Village in Carmarthenshire, Wales

Cwmfelin Mynach is a village in Carmarthenshire, Wales. It has a population of only 64 residents. Cwmfelin Mynach means Valley (cwm) of the Monks' (Mynach) Mill (Felin). It was founded in the 6th century by the Cistercian monks, or Whitefriars, who had a monastery in nearby Whitland.

The river Gronw which starts at Blaenwaun (one of the highest inhabited villages in the West Wales peninsula) runs through Cwmfelin Mynach. In the medieval period the river was used to drive a corn mill. The river was also used for Baptisms.

==Facilities==
The village has no public house or post office.

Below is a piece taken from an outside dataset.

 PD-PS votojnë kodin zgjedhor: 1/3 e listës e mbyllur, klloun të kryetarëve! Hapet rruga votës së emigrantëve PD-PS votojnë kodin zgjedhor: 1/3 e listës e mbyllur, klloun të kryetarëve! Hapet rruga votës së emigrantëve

A Welsh-speaking chapel has regular services in the village, Llanwinio community Council have held meetings in the Chapel flat.

Some of the cottages in the village date back to the 19th century. They are built with the same form of slate that is reminiscent of the underlying geology, a blue 'Llandovery slate. The stone for cottage building came from three, now dis-used, quarries in the village.

The village has had underground fibre-optic cables laid. There is no mains gas in the village or sewage treatment; every home uses septic tanks. The water is pumped to the village from the reservoir underneath the Preseli Mountains.

==Flora and fauna==
Local fauna include red kites, buzzards, tawny owls and sparrowhawks. Wood pigeons, rock doves, herons and jackdaws are common. Grey wagtail can be seen fishing by the river.

The caraway is the county flower of Carmarthenshire and is similar in appearance to the lady's smock, or cuckoo flower. The dominant trees are beech and ash, and sycamore and oaks to a lesser degree.